The farmers lap it and crow pack it. Disk it and dust it. Feed it and lime it. Hoe, mow and grow it. From May to November the fields are rife with corn, sorghum, orchard grasses, watermelon and ’lopes. Farmers grow broad beans, butter beans, green beans, lima beans, pole beans, soy beans, wax beans.

Yes, we do dirt. But not all of us do dirt directly. Some, like me, shop the back roads, where abundance from private gardens is set out at roadsides. Each presentation draws the customer as much as the allure of the honey, the jams and jellies, and the double-yolk brown eggs. On a narrow road, near Marshy Creek, not too far from Potato Lane, I buy banana peppers from the block-tiered stand.
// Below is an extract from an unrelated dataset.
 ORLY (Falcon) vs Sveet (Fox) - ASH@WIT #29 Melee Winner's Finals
I shove my coins in the tin can to pay. I stop under six gaudy pink umbrellas, each torn and wind-bent, offering shadowed relief from August’s dry dust. Rows of heritage tomatoes sit on a picnic table. I fold my dollar four times to fit it into the farmer’s chipped Mason jar with a slit in the taped lid.
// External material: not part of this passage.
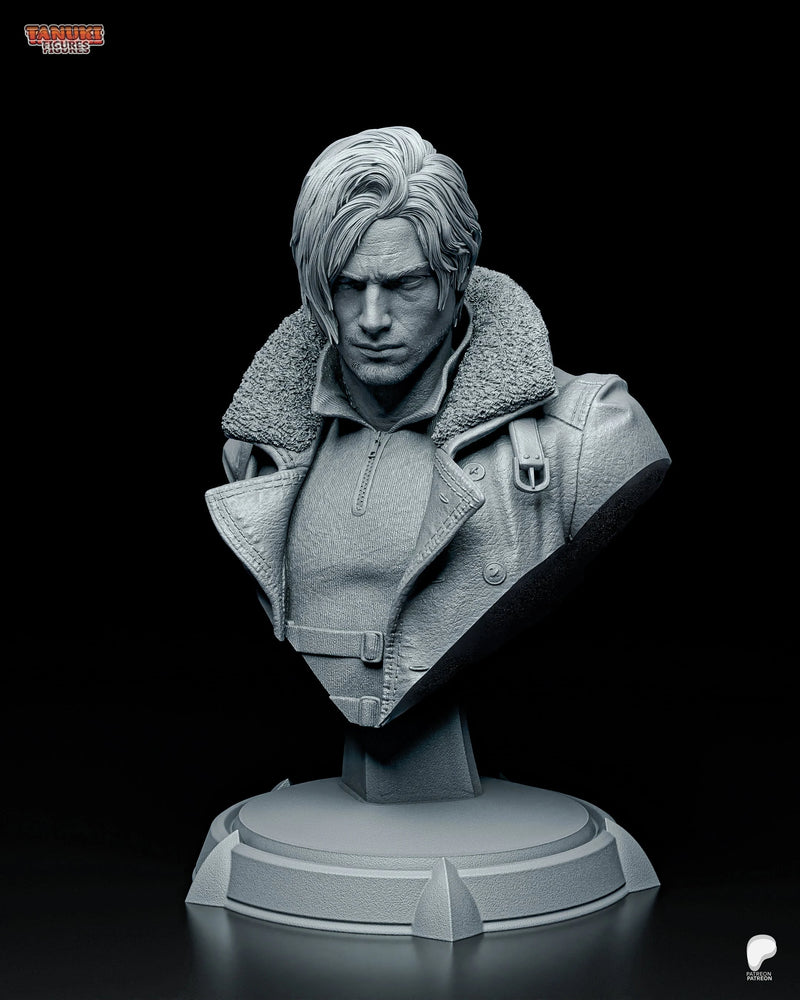 Leon Resin Statue & Bust - Bust view 5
I slice the tomatoes thick and drizzle first-press olive oil. I leave them outside on the deck in the sun, on wire racks covered with cheese cloth. I pack them with red garlic grown on farms near the Maryland state line, where cloves hang in festive ropes under the eaves of pushcart stands. I leave money in a Tueros pico green Candela cigar box with the lid opening in the front. A rock sits inside to hold the bills from blowing away.
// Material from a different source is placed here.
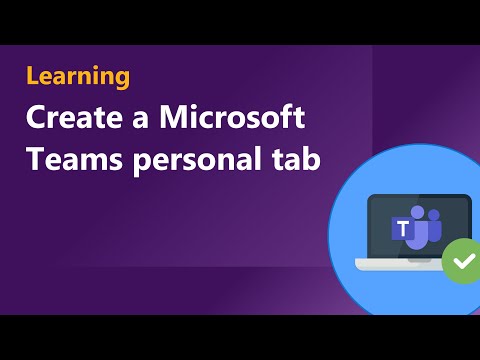 Create a Microsoft Teams personal tab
My favorite stand is like a gypsy cart, with curtains to close against the afternoon heat and evening damp. I buy sweet potatoes still moist with dirt. That honor box is mitered and dadoed, a true work of art. Finally, I stop at the flat-bottomed wooden cart stand. I want to make zucchini relish. I sift through. I dump eight zucchini, a fistful of patty-pan squash and three softball-sized melons—most likely runts from the end acreage—into my bag.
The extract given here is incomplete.